During an interview for The Spokesman-Review, Crocker said, “I am left with some serious questions in my mind about his ability to lead our nation as commander in chief.” The official headed the U.S. Embassy in Kabul from 2002 to 2003, and then in 2011 to 2012.

He felt that the collapse of Afghan forces amid the withdrawal of American troops was the result of “a total lack of coordinated post-withdrawal planning on our part,” he said, and “that’s why this is all so sad, it’s a self-inflicted wound.”

The former ambassador told The Spokesman-Review that the direction of the Taliban’s military offensive was predictable, but the trajectory was not.

He recalled Biden’s decision to continue with former President Donald Trump’s plan to withdraw all troops from the region, following the February 2020 agreement signed by Trump himself with the Taliban. That agreement sought to begin the process of withdrawing troops from Afghanistan while keeping the Taliban with a series of conditions.

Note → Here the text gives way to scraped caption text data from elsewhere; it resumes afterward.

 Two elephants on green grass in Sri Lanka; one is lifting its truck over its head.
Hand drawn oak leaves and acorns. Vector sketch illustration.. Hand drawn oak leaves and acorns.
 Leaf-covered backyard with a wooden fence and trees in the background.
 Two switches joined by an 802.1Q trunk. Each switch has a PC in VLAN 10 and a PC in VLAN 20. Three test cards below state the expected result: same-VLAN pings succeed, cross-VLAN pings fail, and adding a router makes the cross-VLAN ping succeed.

“What President Biden has done is to embrace the Afghan policy of President Trump, and this is the outcome,” Crocker noted.

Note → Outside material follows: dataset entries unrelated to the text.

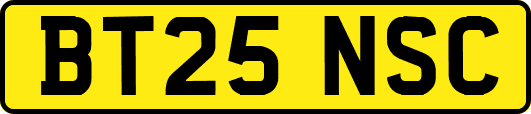 BT25NSC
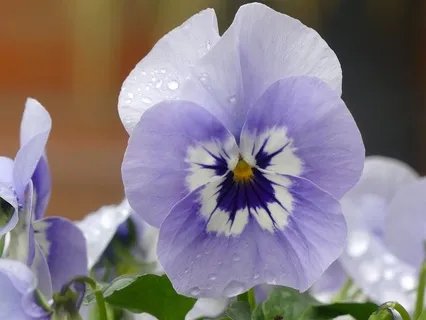 Gentle Bedtime Talk: Connect With Your Inner Best Friend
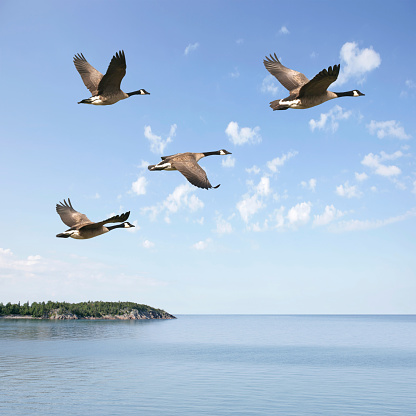flock of canada geese flying over lake with bright sky, square frame (XXXL)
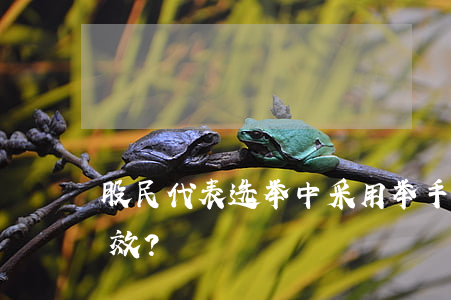 股民代表选举中采用举手表决的方式是否有效？
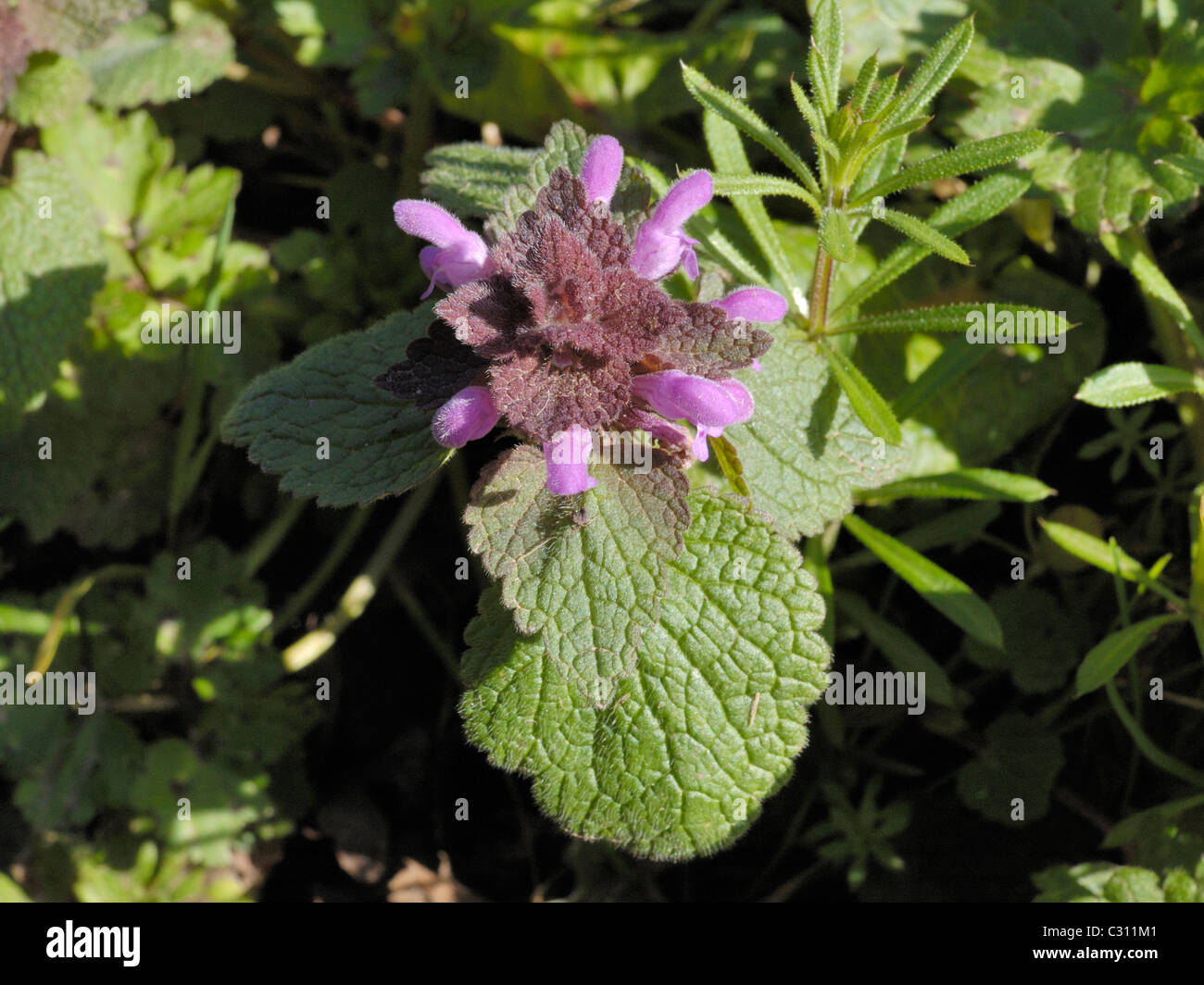 Red Dead-ortica, Lamium purpureum Foto Stock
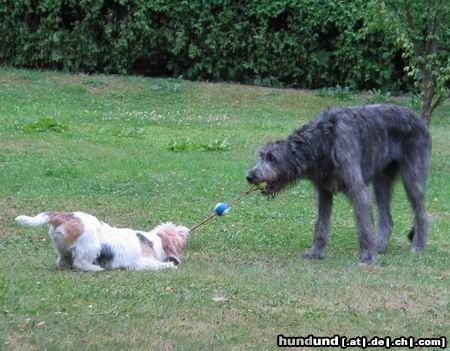 Irish Wolfhound Hunde Foto 4989 Irish Wolfhound Ganz schön kräftig, der Kleine!
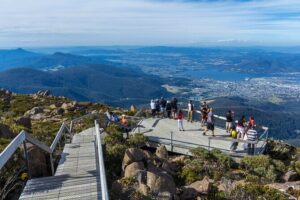 kunanyi/Mt Wellington Ultimate Experience Afternoon Tour - Summit views over Hobart and the Derwent River: what the mountain delivers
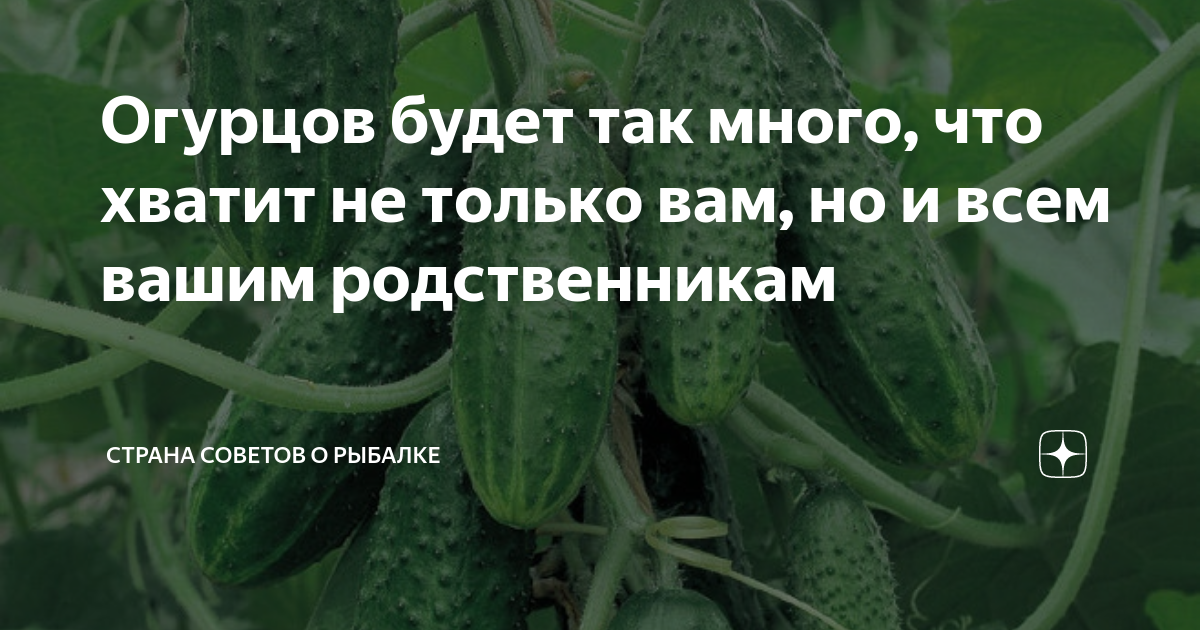 Что будет если каждый день есть огурцы. Алюминиевый огурец существует ли.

On Aug. 15, Afghanistan’s President Ashraf Ghani fled his country as the Taliban seized Kabul after taking over major cities.

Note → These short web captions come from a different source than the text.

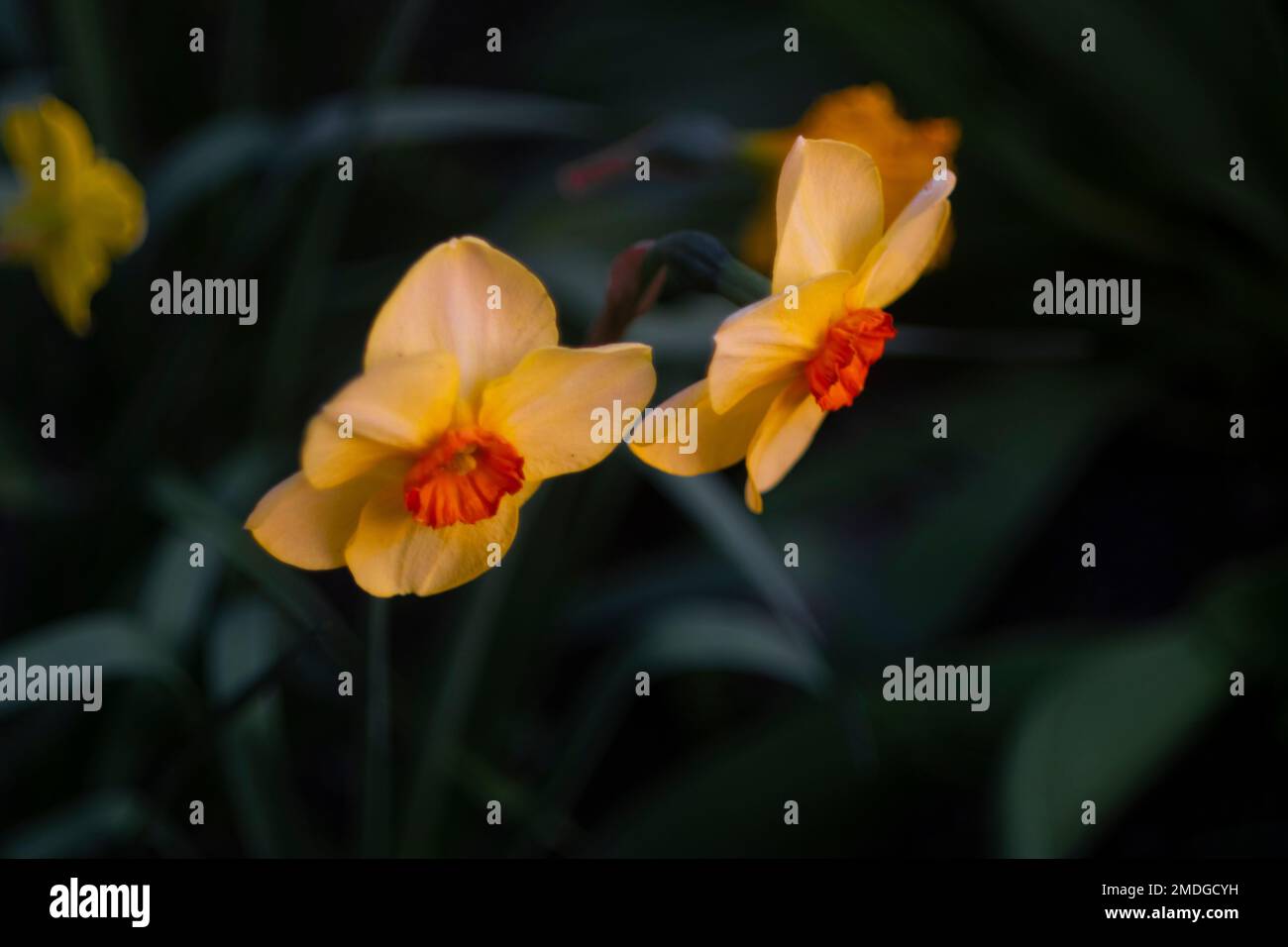 Jonquil flowers hires stock photography and images  Alamy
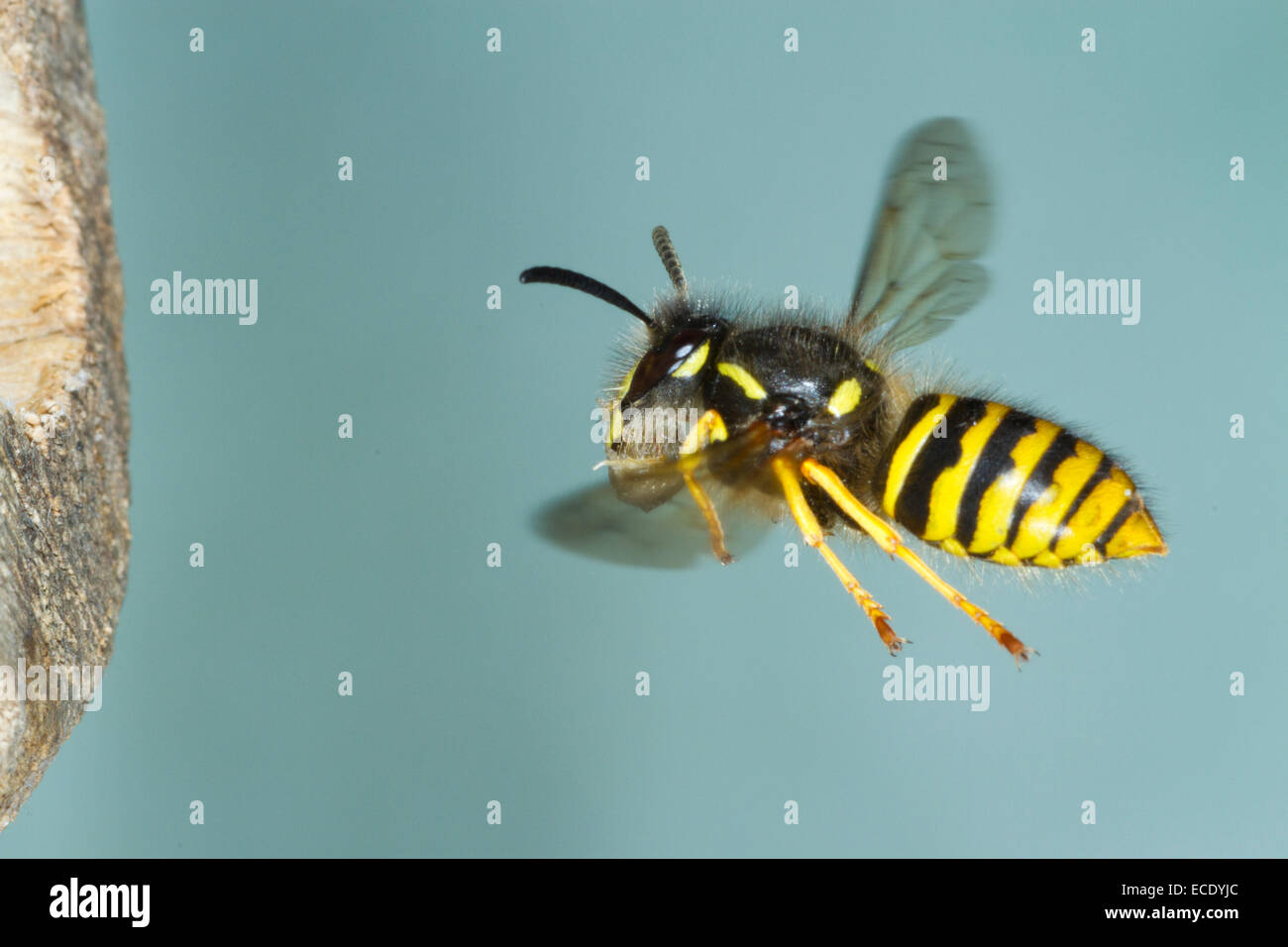 Tree Wasp (Dolicovespula sylvestris) adulto lavoratore in volo, arrivando al nido entrata con la pasta di legno per la nidificazione. Foto Stock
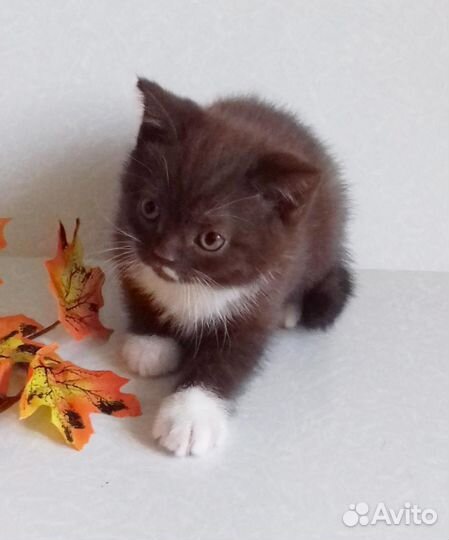 Элитные британцы в разноцветных шубках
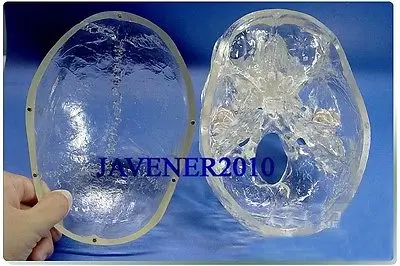 Каркасная медицинская модель с черепом анатомическая голова человека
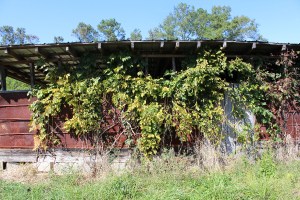 Vines do their work slowly, but thoroughly.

Biden defended his decision to withdraw troops from the region and said during a speech to the nation on Monday, “I fully agree with my decision.”

However, the president admitted that the situation in Afghanistan “developed more rapidly than we anticipated.”

Crocker, who also served as ambassador to five other countries during his career, told The SpokesmanReview that the Afghan government was delegitimized by the U.S. withdrawal effort.

“We’ve spent the last almost two years delegitimizing the Afghan government and its security forces. It has destroyed the morale of the government and certainly of its security forces,” he stressed.

“It is not exactly a climate in which these young troopers can be reasonably expected to hold that line, having been sold out by us,” he added.

Ryan Crocker concluded by saying that the Taliban who took control of Afghanistan are the same ones from “the Taliban of the 1990s that gave safe haven to Al-Qaeda, except they’re meaner and tougher than they were then because of what they’ve been through.”